EXERCISE MATERIALS =>
*** Begin section ***

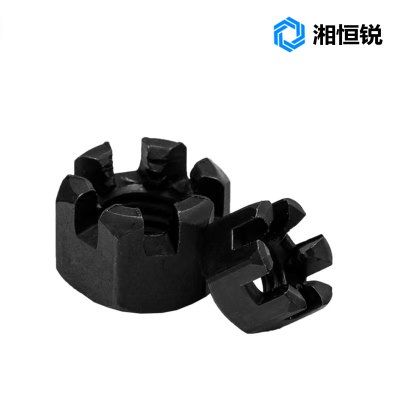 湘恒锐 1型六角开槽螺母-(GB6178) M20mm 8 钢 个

*** End section ***
*** Begin section ***

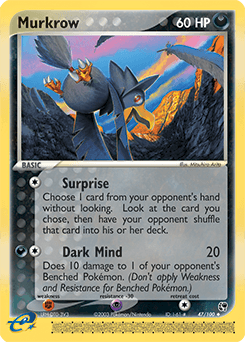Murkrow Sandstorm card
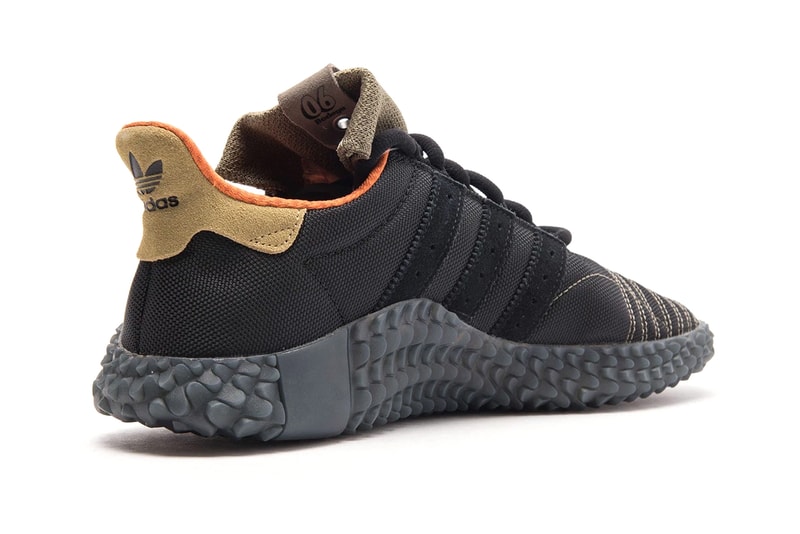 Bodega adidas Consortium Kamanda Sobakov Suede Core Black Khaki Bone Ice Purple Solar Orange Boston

*** End section ***

Without the pictures, give again exactly the lines above starting at the line containing "Murkrow Sandstorm card" and ending at the line containing "Bodega adidas Consortium".

Murkrow Sandstorm card
 Bodega adidas Consortium Kamanda Sobakov Suede Core Black Khaki Bone Ice Purple Solar Orange Boston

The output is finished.